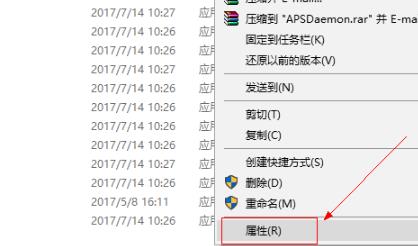 win10光之子閃退解決方法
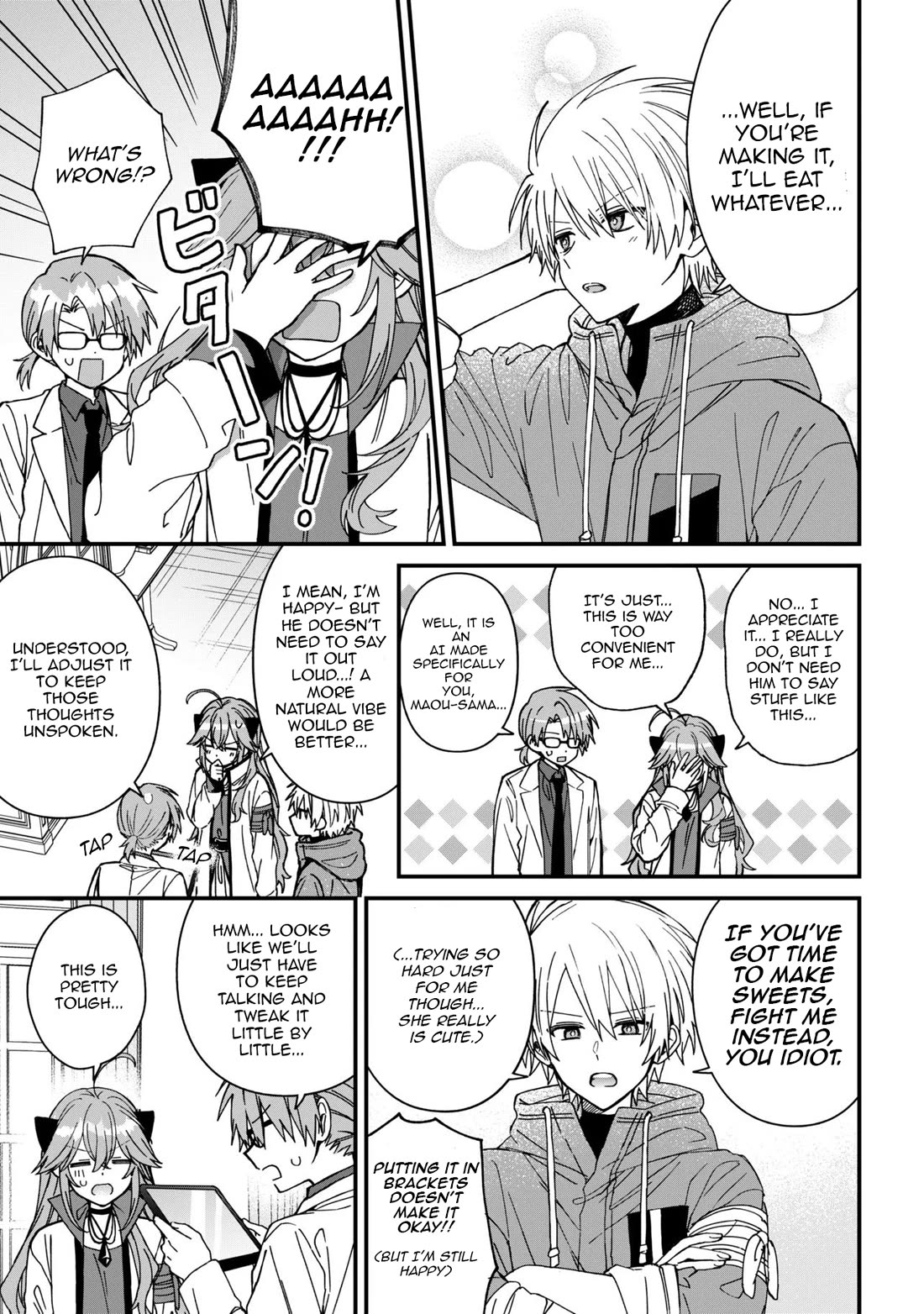 Gachi Koi Maou-sama chapter 27 page 7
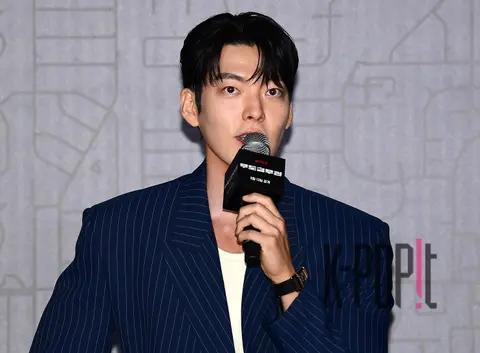 Kim Woo-bin — Administrative Officer Production Briefing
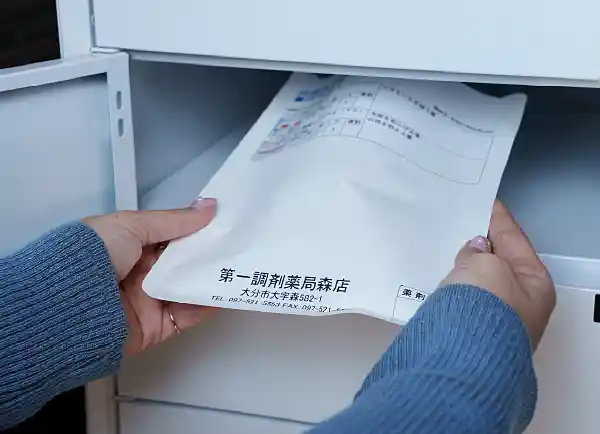 イメージ画像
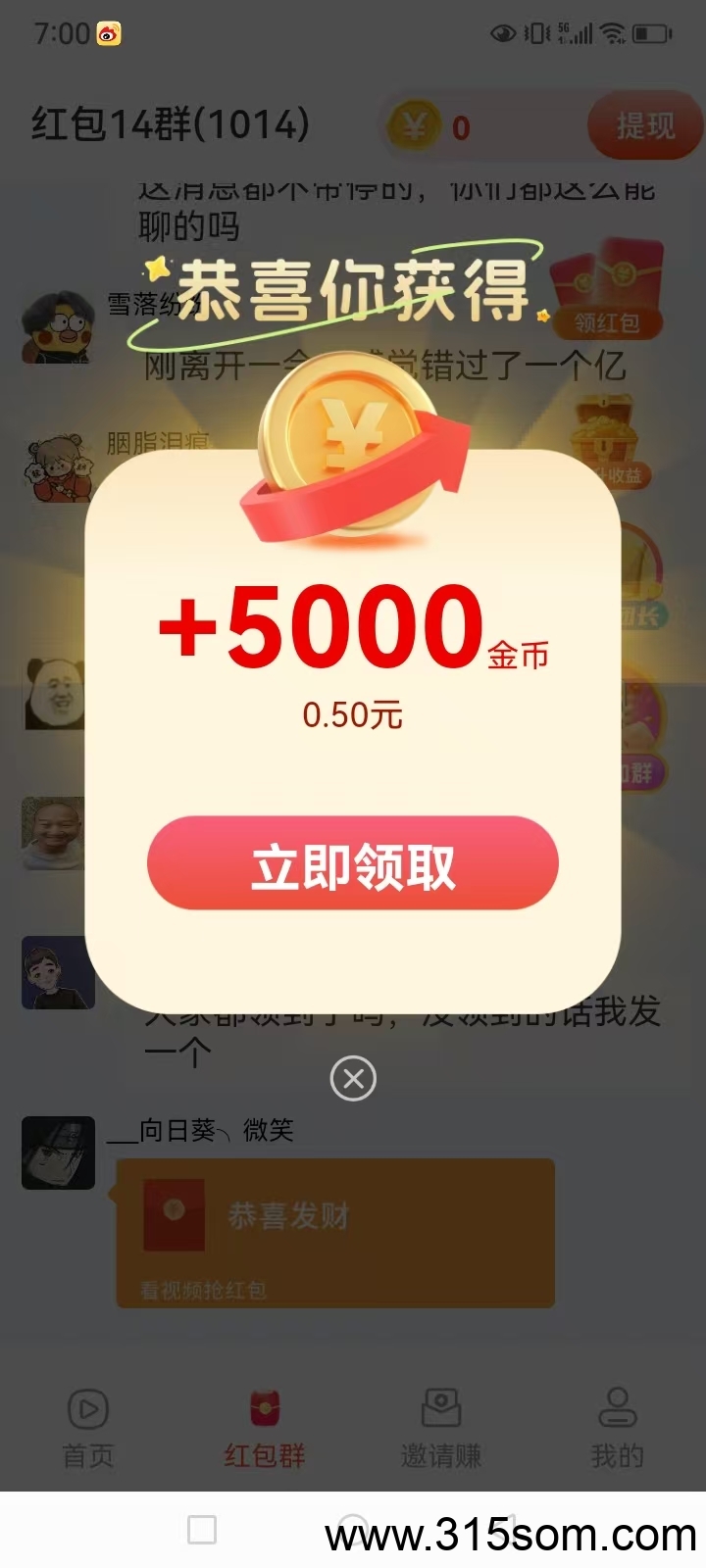 20250519192900708-mmexport1747652628723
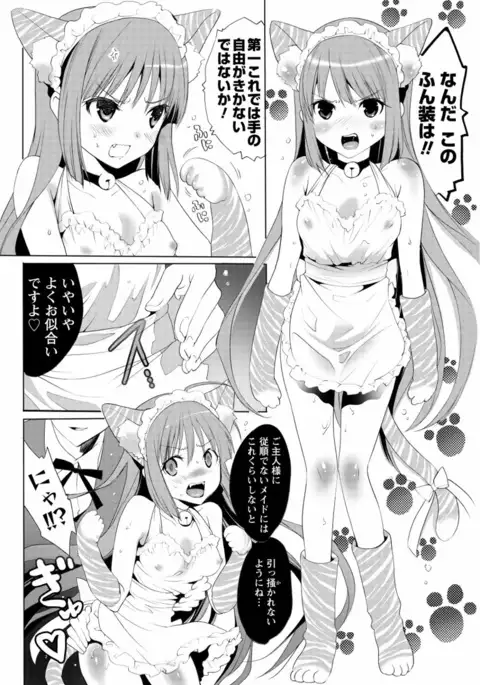 Sarakedashi Onnanoko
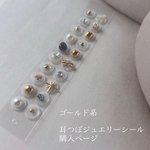 ゴールド系 耳つぼシール【マグレイン使用】耳つぼジュエリー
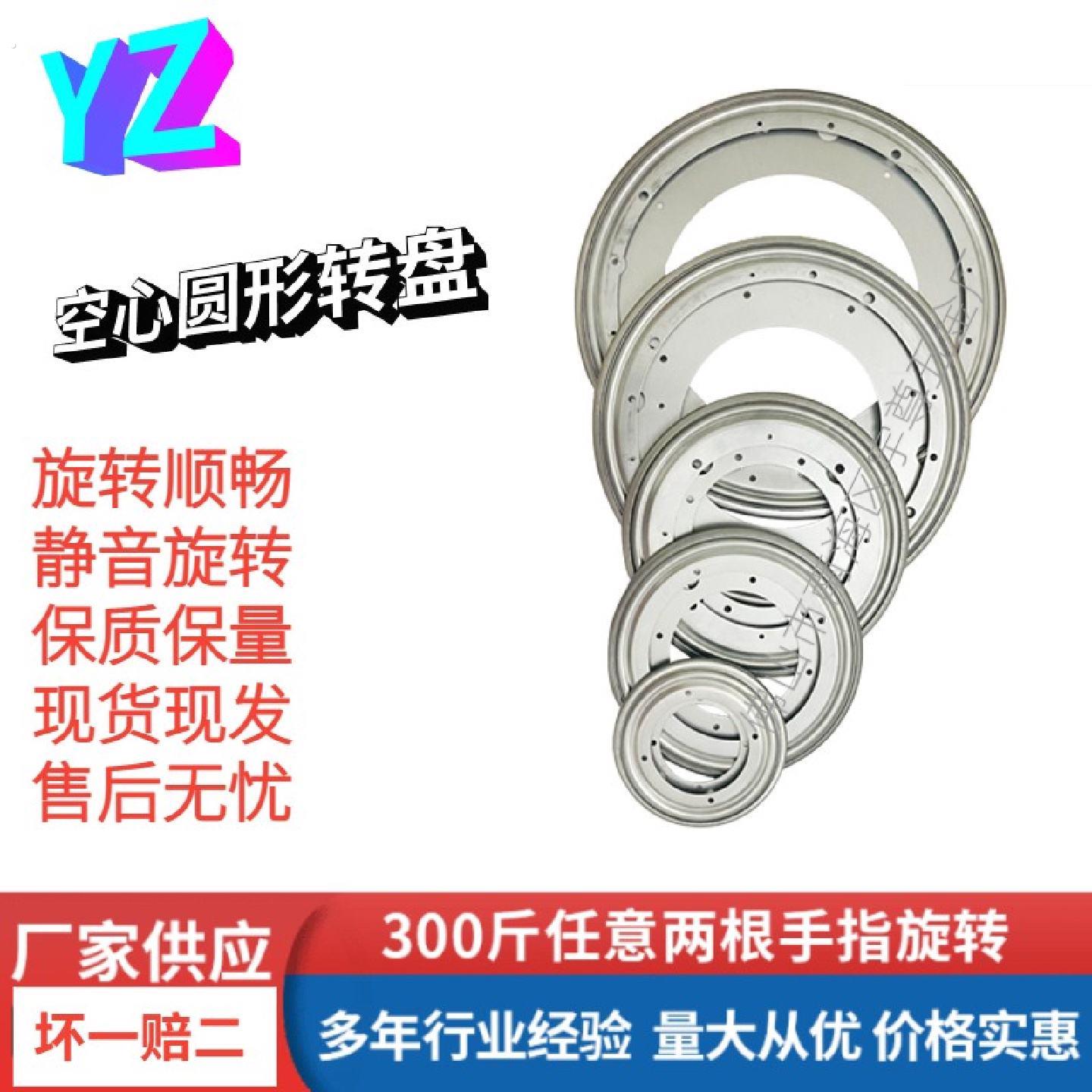 厂家.寸空心圆形转盘旋转书架置物底盘穿衣镜展示架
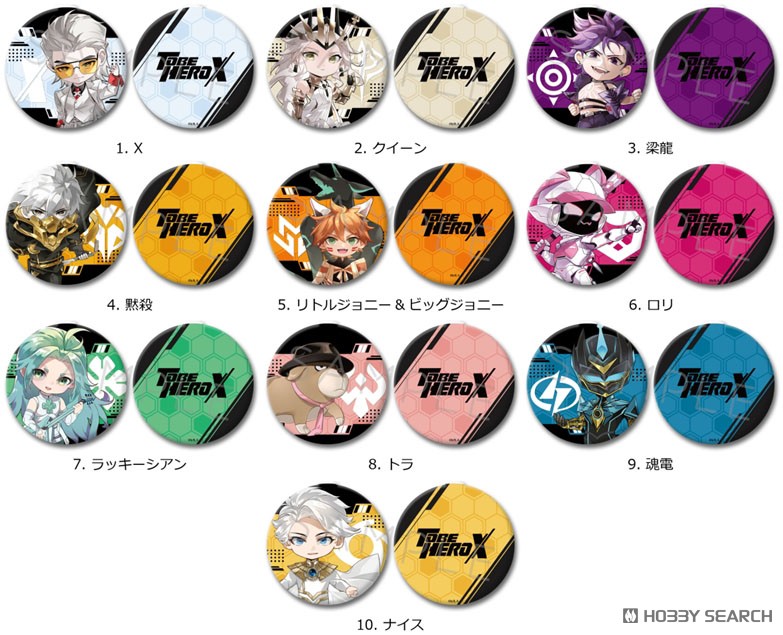 to be hero x 凸变英雄X オーロラ缶バッジ ラッキーシアン 10個 TO BE HERO X』星型缶バッジ 7 ラッキーシアン – Anime Store JP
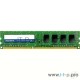 Модуль памяти ADATA DIMM DDR4 8GB 2400 AD4U240038G17-S Non-ECC, CL17, 1.2V, RTL
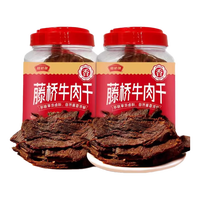 藤桥牌 温州特产 湖岭牛肉干 手撕牛肉片 五香味2桶共500g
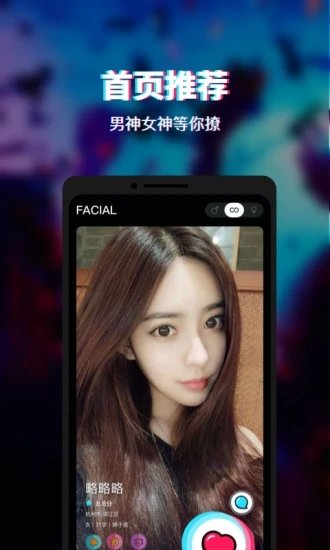 Facial最新版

════════════════

# What you should do
Drop the pictures and reproduce the rest of the data above exactly.

# Answer space
 win10光之子閃退解決方法
 Gachi Koi Maou-sama chapter 27 page 7
 Kim Woo-bin — Administrative Officer Production Briefing
 イメージ画像
 20250519192900708-mmexport1747652628723
 Sarakedashi Onnanoko
 ゴールド系 耳つぼシール【マグレイン使用】耳つぼジュエリー
 厂家.寸空心圆形转盘旋转书架置物底盘穿衣镜展示架
 to be hero x 凸变英雄X オーロラ缶バッジ ラッキーシアン 10個 TO BE HERO X』星型缶バッジ 7 ラッキーシアン – Anime Store JP
 Модуль памяти ADATA DIMM DDR4 8GB 2400 AD4U240038G17-S Non-ECC, CL17, 1.2V, RTL
 藤桥牌 温州特产 湖岭牛肉干 手撕牛肉片 五香味2桶共500g
 Facial最新版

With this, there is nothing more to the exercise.